Metagenomics is the branch of science which does the direct analysis of genetic material of environmental samples. Maximum microorganisms present in the ecosystem are unculturable. Metagenomics with the expansion in the field of Next Generation Sequencing (NGS) has generated large amount of raw sequence reads of uncultured microbes from different ecosystem. This combination opens door for new metabolites, drug targets, new species and unknown world of new genes could be utilized for the therapeutics. Biomarkers could be utilized as an indicator for the identification of any biological processes, disease genes, metabolites, enzymes, and antibiotics while biosensor is an analytical devise for the detection of analyte with the help of biological component (biomarkers) and physicochemical detector. Current study tried to find probable biomarkers which could be utilized for biosensor development especially for uncultured microorganisms from fresh water ecosystems. We collected all fresh water raw reads from publically available different repositories.
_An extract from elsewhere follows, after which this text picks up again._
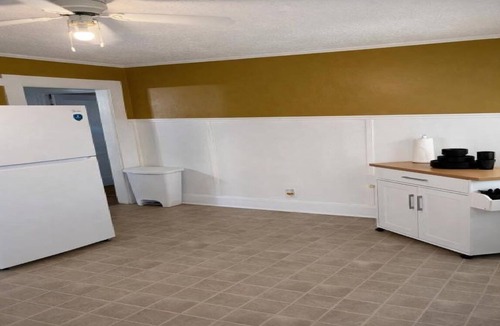 Kings Mountain House | Kings Mountain Cozy Cottage - 2BR/1BA 5 mins from Two Kings Casino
After preliminary screening on huge data sets, we performed quality analysis on raw read sequences, generated 10 different conserve domains by multiple sequence alignment. These CDs could be promising biomarkers for the identification of uncultured microbes from fresh water ecosystems which may be pathogenic for humans. DNA hybridization based Biosensor could be synthesized by using by using this biomarker sequences for detecting the presence of uncultured microorganisms (pathogenic/non-pathogenic) in fresh water ecosystem.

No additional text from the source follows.